Despite your feet sticking to the stone floor and the pillars obstructing your view, The Fleece, formerly the Fleece and Firkin, is one of the best live venues in the country. Originally built as a wool market in 1830, the grade II listed building is now home to a 400 capacity live venue that has hosted some serious names since it became a venue in 1982, including Oasis, Radiohead, Queens of the Stone Age, White Stripes and the Tofu Love Frogs.
It is difficult to describe an Ozric Tentacles gig to the uninitiated. There is nothing to compare it to. Just about all of your senses are subjected to overloading and your brain is sliced and diced during two hours of the most psychedelic experience you can have without drugs. Good luck to you if you opt to experience it on drugs.
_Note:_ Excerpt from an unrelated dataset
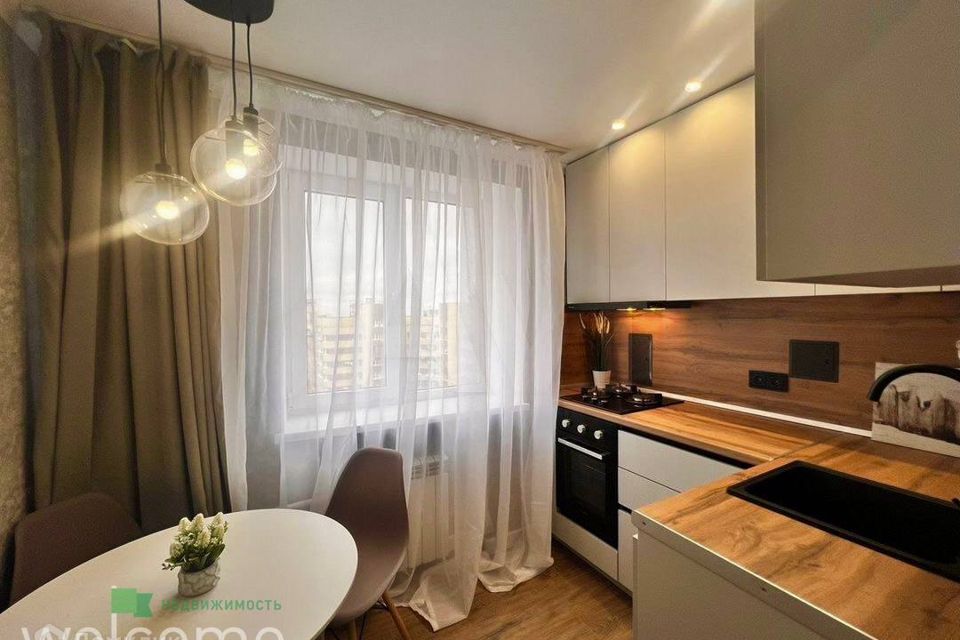 Продаётся 2-комнатная квартира, 49 м²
Tonight they have the Fruit Salad Light Show on board making sure this end of tour gig is the ultimate trip. We get psychedelic projections on the back drop, rotating spotlights, strobes, smoke and who knows what else to fry your retinas (and make life bloody difficult for this photographer).
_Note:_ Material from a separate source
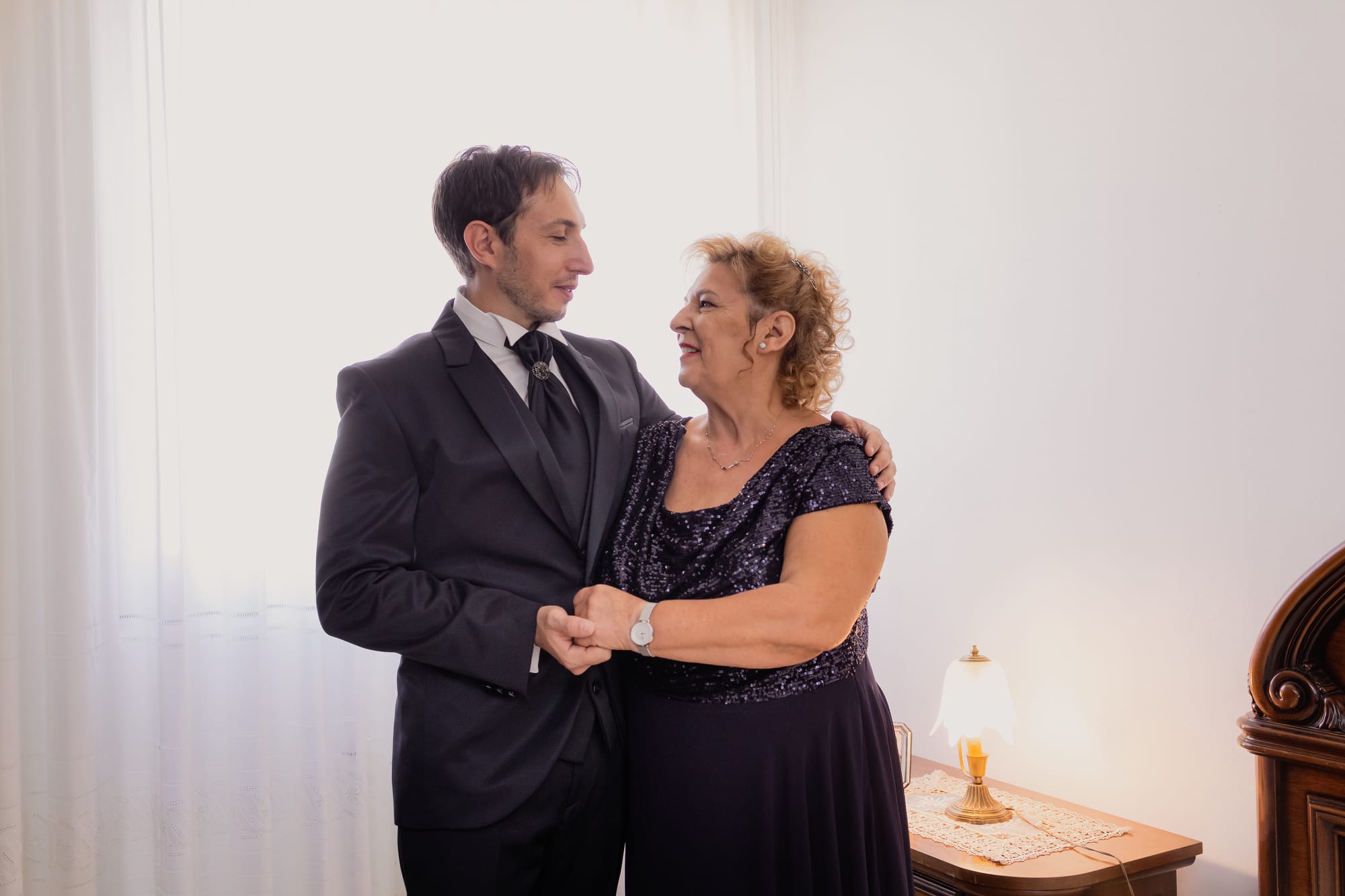 Il sogno di sposarsi in uno dei borghi più belli d'italia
And then there is the music. They have a back catalogue of over thirty years and twenty one albums worth of spaced out cyber prog rock that can – and does – make itself at home in rock gig, festival or rave. With an armoury of guitars, synths and various other electronic gizmos they weave an intricate soundscape that takes you to other planets and other dimensions. Occasionally you will be floating on the solar winds with them, but more often than not you will be surfing through loopholes in the space time continuum at the speed of light.
I have been a massive fan of the Ozrics since I first discovered them in the 1980s and have every album they have released. But due to the complex nature of their work and the complete absence of any vocals to help you out, I still struggle to put names to tracks. Each one is different from the next, yet incredibly similar in style and texture . You could sit tracks from the beginning of their career next to brand new tracks and they would be very comfortable together. It is as if they travelled through time to find out what they would sound like in the future.
An Ozric set is like a massive two hour psychedelic jam session. I think I detected ‘OI’, ‘Jurasic Shift’ and ‘Erpland’ in there somewhere. I definitely spotted ‘Sploosh’, the single that spent an eternity in the independent singles chart in 1991. But it is not really relevant. If you are paying that much attention you are not letting the experience wash over you. And wash over you it does.
And then, after two hours, we slowly drift back to earth and the crowd leaks out into the Bristol night. The normality of the real world sinks back in, but the knowledge that the memory of this gig will be there for a long time to come generates a grin.